▸ **ASSIGNMENT**:
Reproduce the lines below exactly, from the one containing "Polo à Manches" through the one containing "Address numbers for", both included. Leave out any pictures.

▸ **EXTRACTED INFORMATION**:
--
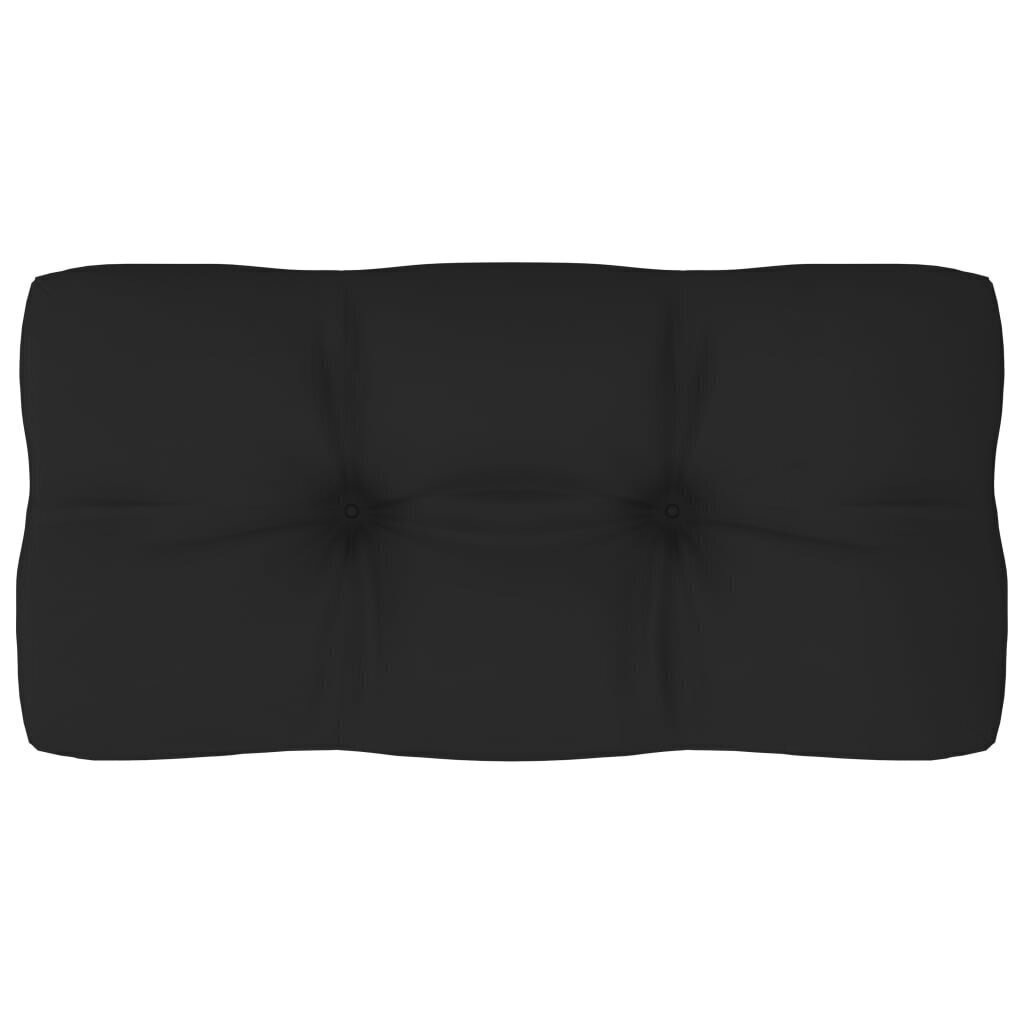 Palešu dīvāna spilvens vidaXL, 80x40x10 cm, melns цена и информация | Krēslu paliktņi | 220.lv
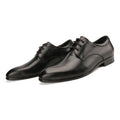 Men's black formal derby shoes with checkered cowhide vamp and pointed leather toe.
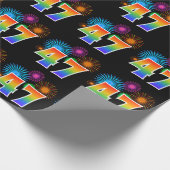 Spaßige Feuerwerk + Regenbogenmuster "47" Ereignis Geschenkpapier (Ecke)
--
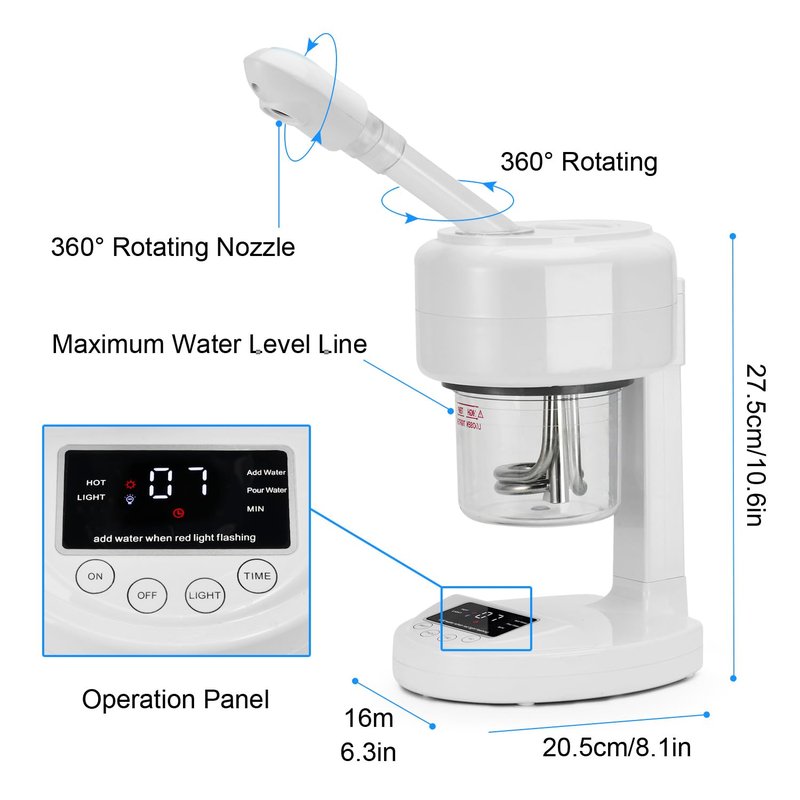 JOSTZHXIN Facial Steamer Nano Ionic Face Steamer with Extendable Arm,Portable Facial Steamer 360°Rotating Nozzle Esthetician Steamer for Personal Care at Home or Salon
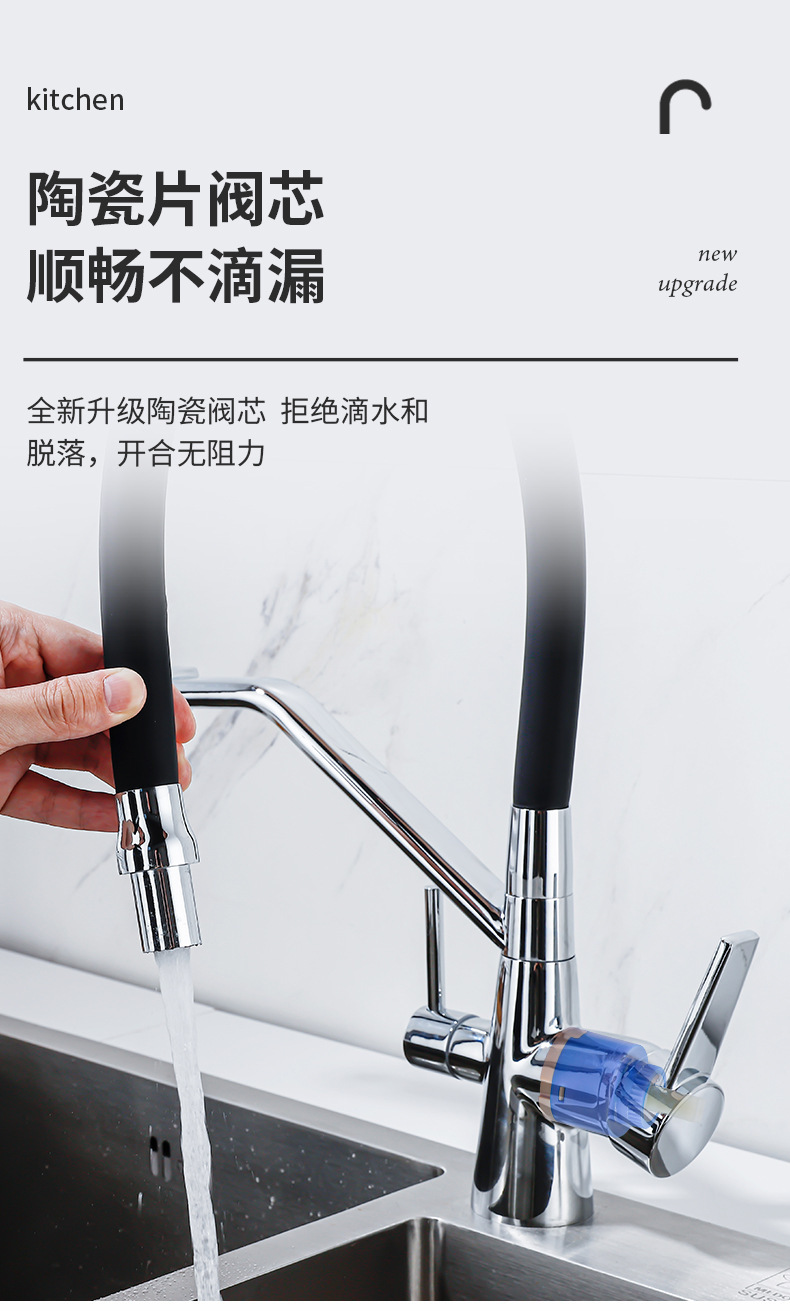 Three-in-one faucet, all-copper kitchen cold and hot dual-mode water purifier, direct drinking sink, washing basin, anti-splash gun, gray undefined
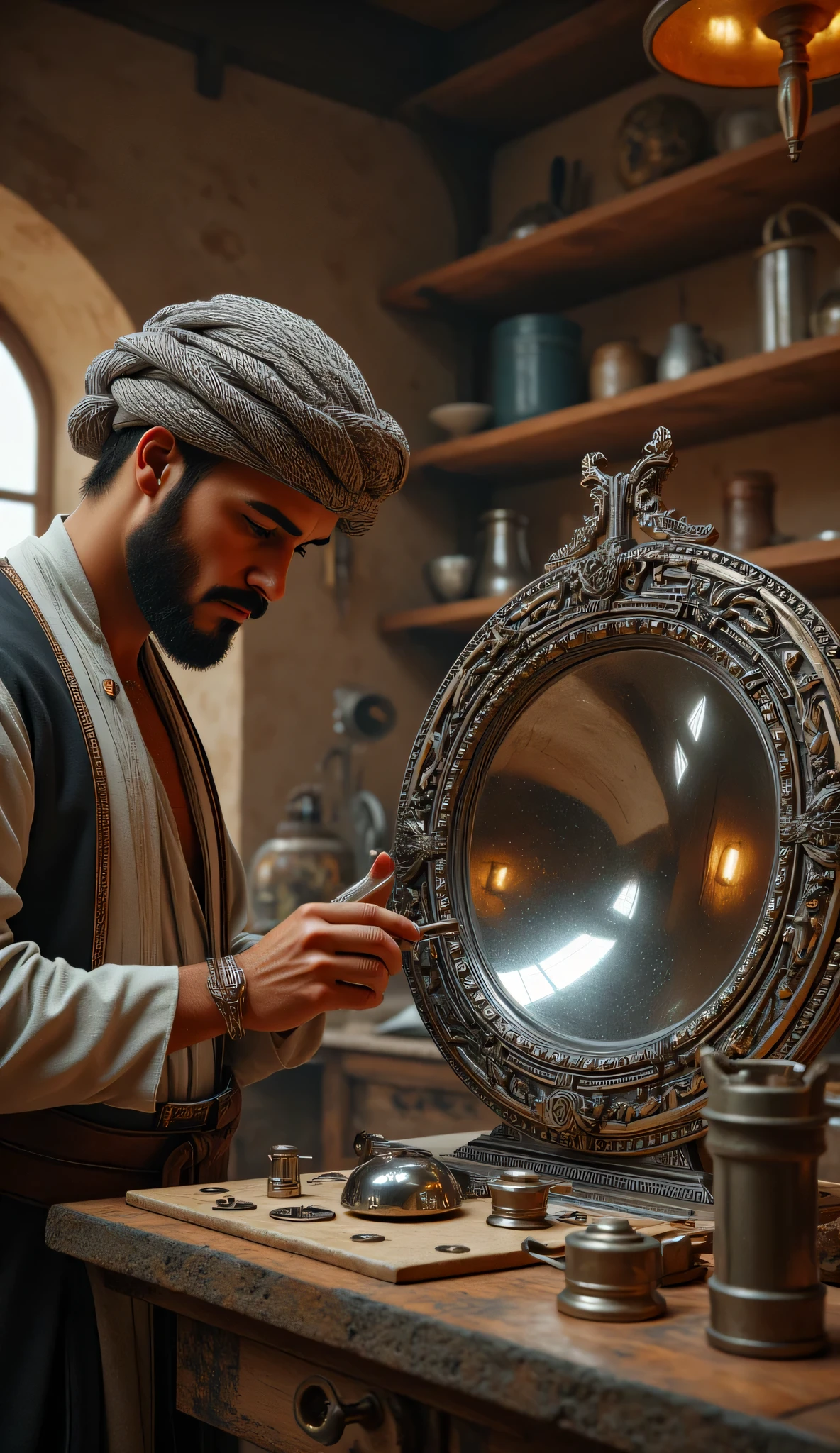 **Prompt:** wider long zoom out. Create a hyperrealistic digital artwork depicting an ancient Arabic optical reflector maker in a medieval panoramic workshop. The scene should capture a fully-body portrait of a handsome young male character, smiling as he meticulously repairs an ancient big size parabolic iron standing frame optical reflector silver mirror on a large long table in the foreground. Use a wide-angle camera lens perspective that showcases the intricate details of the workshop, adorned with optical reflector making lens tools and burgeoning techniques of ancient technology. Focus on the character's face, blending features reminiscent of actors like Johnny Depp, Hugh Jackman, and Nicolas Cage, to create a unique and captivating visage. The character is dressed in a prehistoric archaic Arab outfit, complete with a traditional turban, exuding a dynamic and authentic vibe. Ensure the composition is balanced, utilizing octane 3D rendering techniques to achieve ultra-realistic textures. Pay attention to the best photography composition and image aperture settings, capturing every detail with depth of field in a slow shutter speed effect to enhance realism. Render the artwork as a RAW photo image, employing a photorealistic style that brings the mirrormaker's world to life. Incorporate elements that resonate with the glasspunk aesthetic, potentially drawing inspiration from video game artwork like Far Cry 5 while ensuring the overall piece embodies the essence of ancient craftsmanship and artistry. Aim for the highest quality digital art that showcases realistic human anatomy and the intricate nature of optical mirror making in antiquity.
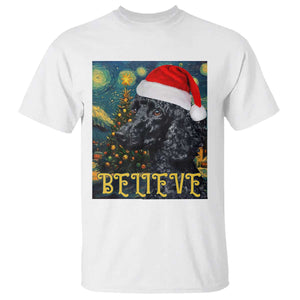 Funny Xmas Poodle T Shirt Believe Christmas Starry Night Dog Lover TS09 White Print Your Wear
--
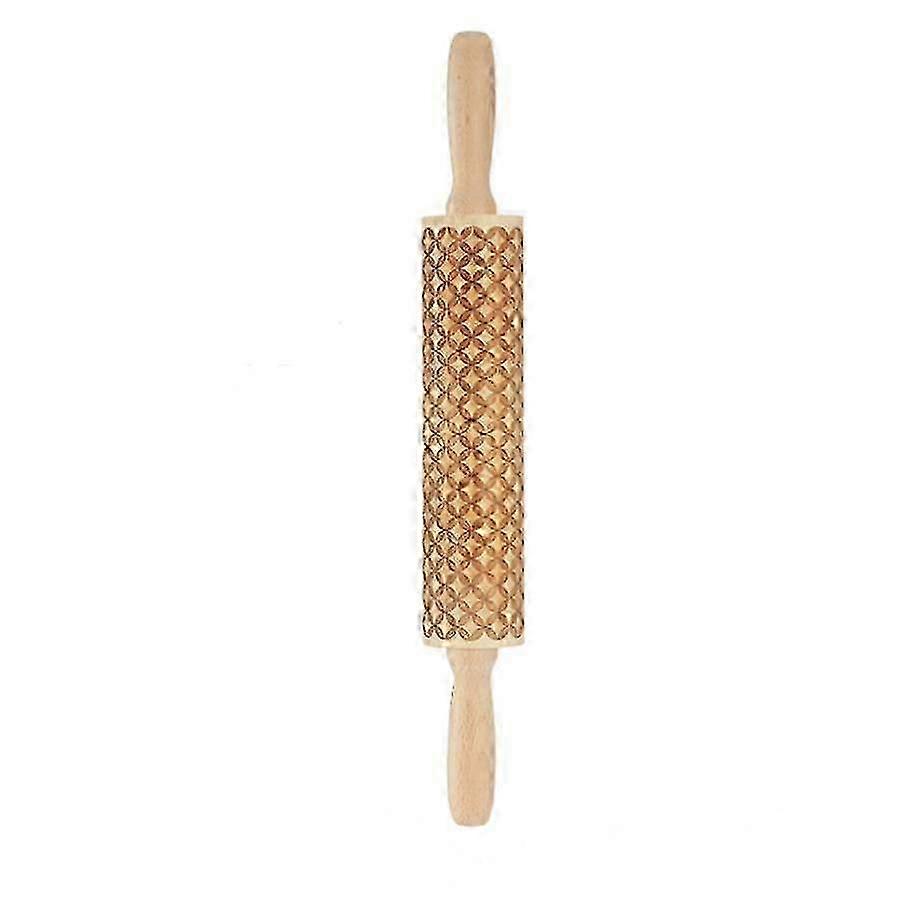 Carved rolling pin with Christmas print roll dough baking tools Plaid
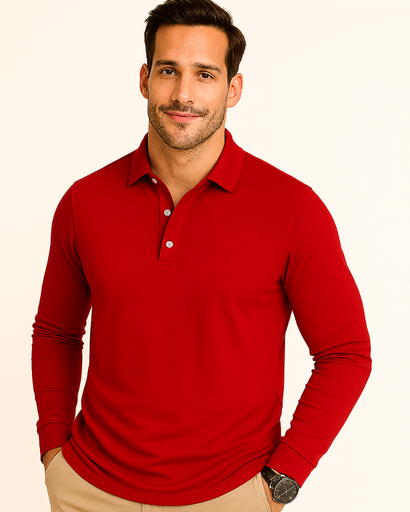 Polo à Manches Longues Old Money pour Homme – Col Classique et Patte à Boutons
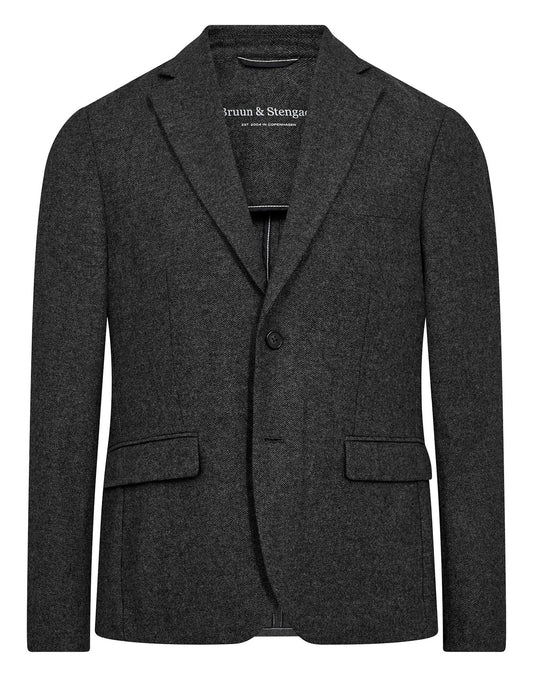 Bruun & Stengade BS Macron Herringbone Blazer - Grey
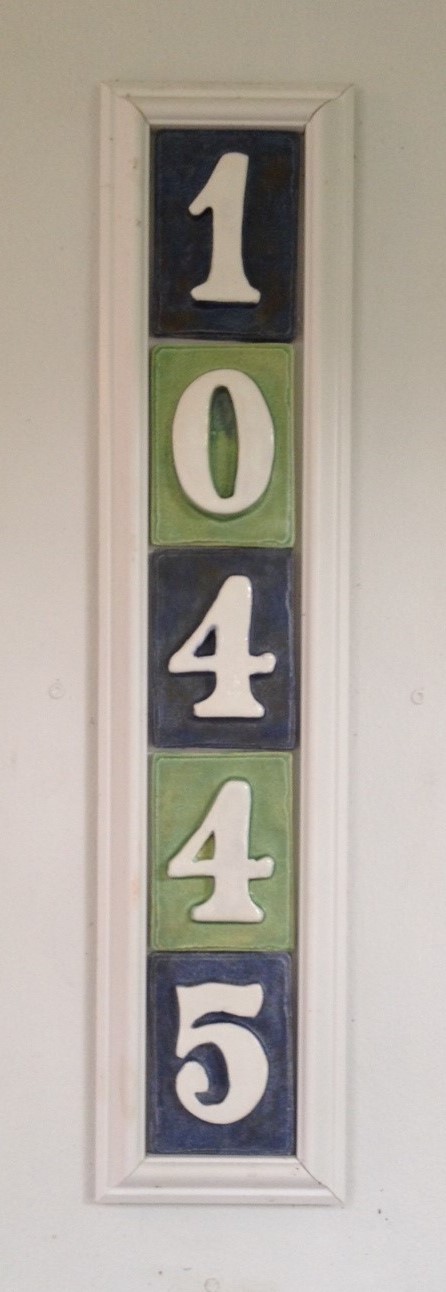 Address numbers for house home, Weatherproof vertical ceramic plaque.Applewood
--
▸ **SOLUTION**:
 Polo à Manches Longues Old Money pour Homme – Col Classique et Patte à Boutons
 Bruun & Stengade BS Macron Herringbone Blazer - Grey
 Address numbers for house home, Weatherproof vertical ceramic plaque.Applewood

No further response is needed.